Mount Rinjani is an active volcano in Indonesia on the island of Lombok. It rises to 3,726 m (12,224 ft), making it the second highest volcano in Indonesia. The first historical eruption occurred in September of 1847. The most recent eruption of Mount Rinjani was on 1 October 2004. The volcano and spectacular Segara Anak crater lake, are protected by a national park established in 1997. The 6 km by 8.5 km oval-shaped caldera is filled partially by a lake known as Segara Anak (approximately 2000m above sea level and estimated at being between 200m and 300m deep); the caldera also contains hot springs.
The eruptions of 1994, 1995, and 1996 have formed a small cone, Gunung Baru Jari or calls Mountain New – approximately 2300m above sea level, in the center of the caldera and lava flows from these eruptions have entered the lake.
The highlands are forest clad and mostly underdeveloped. The lowlands are highly cultivated. Rice, soybeans, coffee, tobacco, cotton, cinnamon, and vanilla are the major crops grown in the fertile soils of the island. Tourism is also increasingly popular with trekkers able to visit the rim, make their way into the caldera or even to make the more arduous climb to the highest point; fatalities, however, are not uncommon.
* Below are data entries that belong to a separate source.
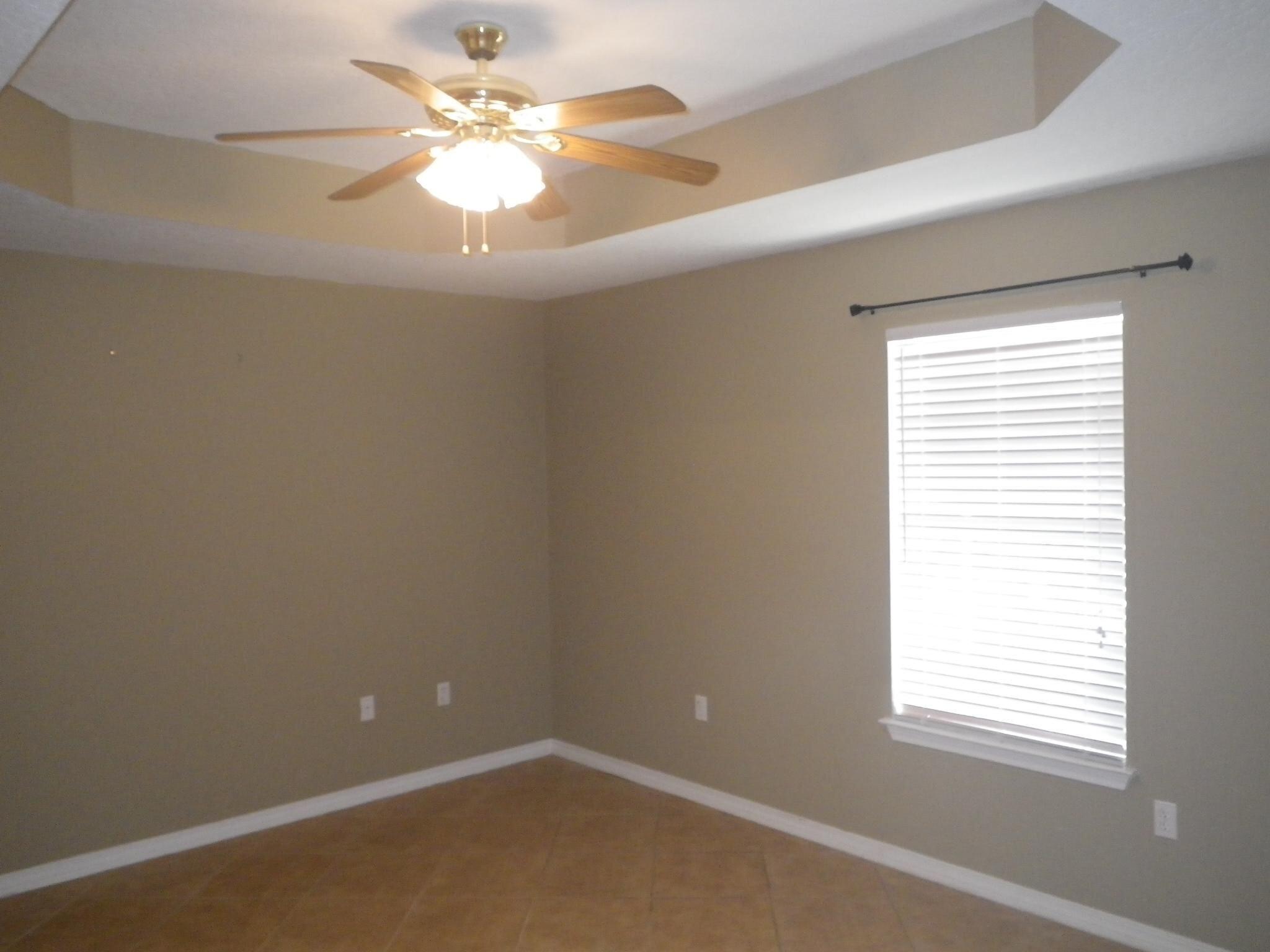 NAVARRE S/D 2ND ADDN - Residential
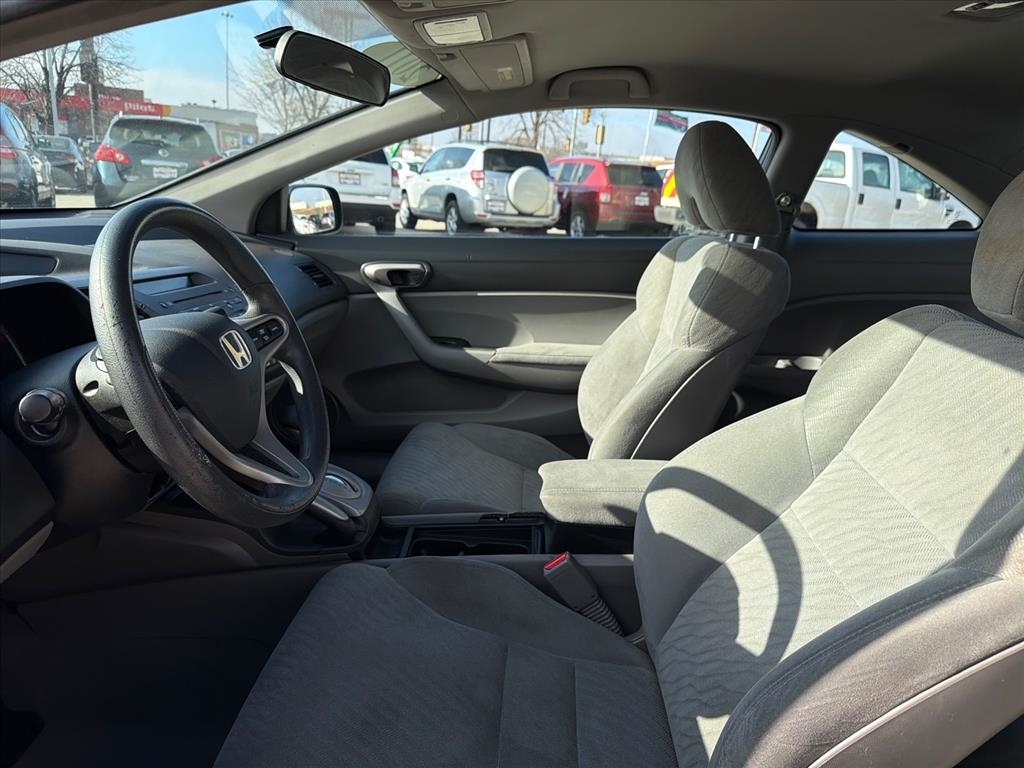 Honda Civic LX Coupe 5-Speed AT 2011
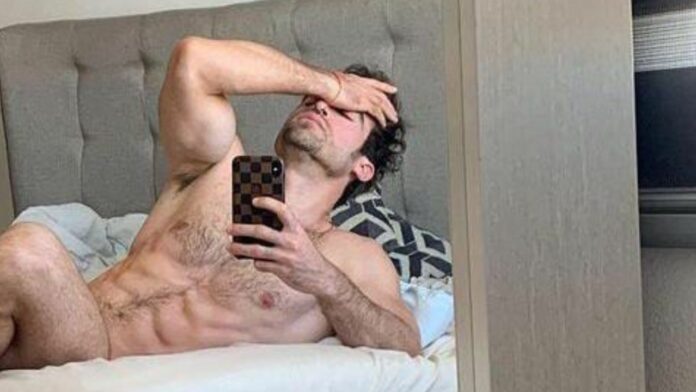 David Ortega fotos en cama sábanas blancas.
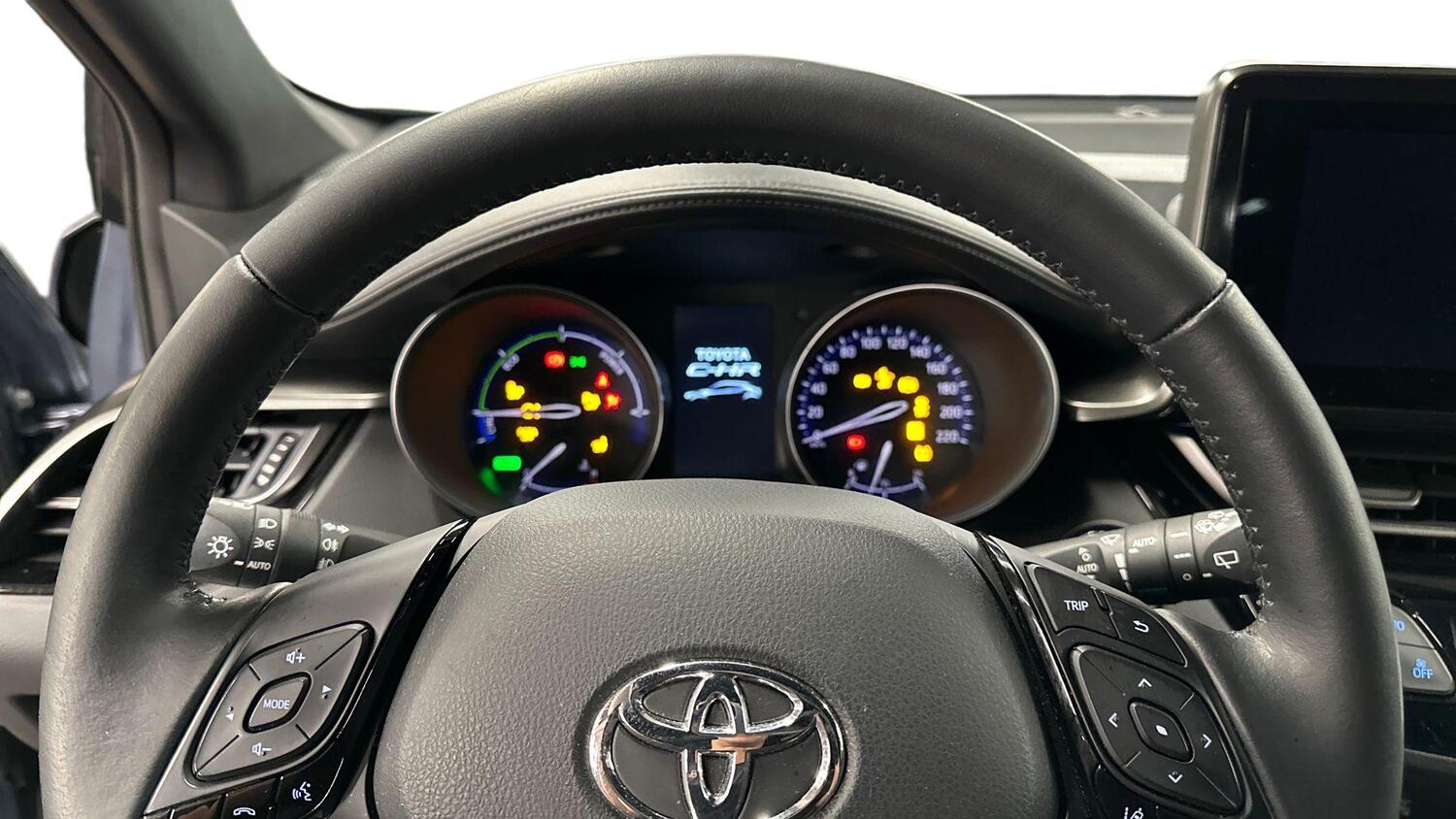 Toyota C-HR vaihtoauto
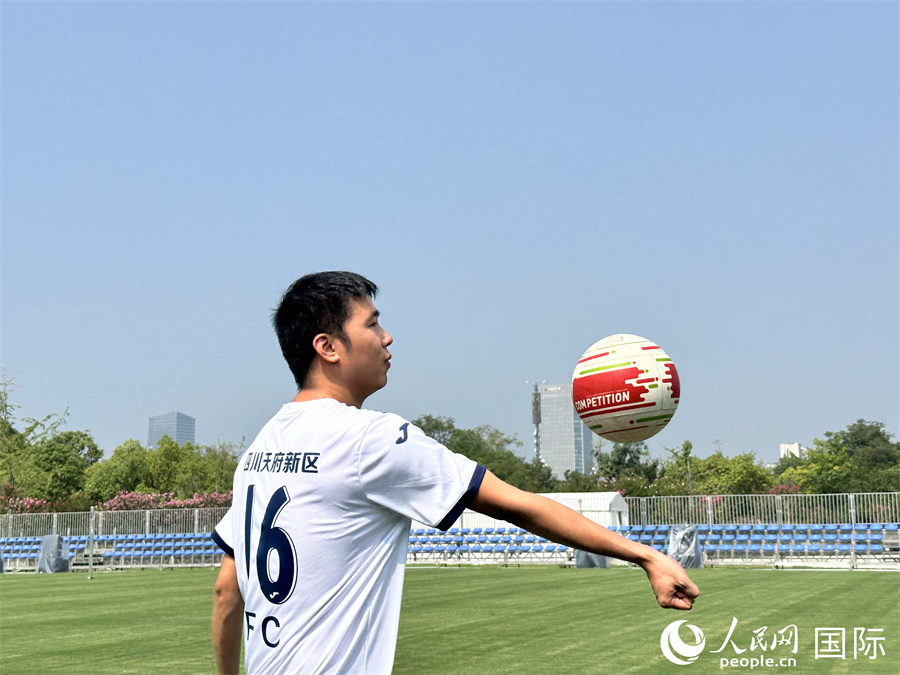 浮士德球運動員示范動作。人民網(wǎng) 孫書宇攝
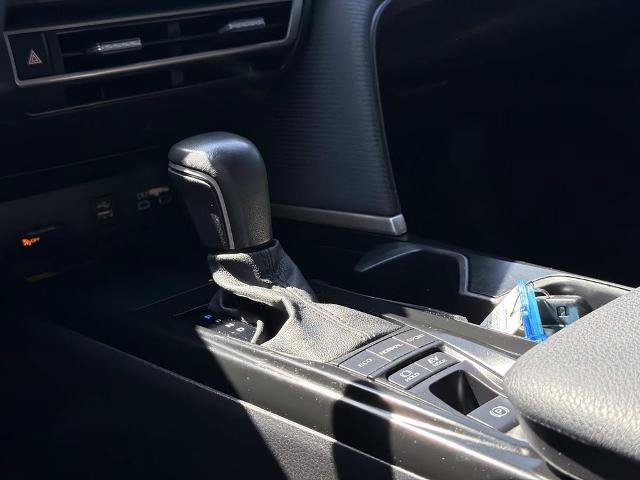 Used 2025 Toyota Camry SE w/ Convenience Package FWD image 16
The park is popular for mountain climbs and trekking and represents an important nature reserve and water catchement area. The park is officially 41,330 hectares (159.6 sq mi) within the park boundaries and includes a further 66,000 hectares (250 sq mi) of protected forest outside. The mountain and its satellites form the Mount Rinjani National Park (Taman Nasional Gunung Rinjani). In 2008, the Indonesian government proposed to UNESCO that Mount Rinjani be one of the world’s official geoparks. If this was approved by UNESCO, Mount Rinjani would become the first such geological park in Indonesia.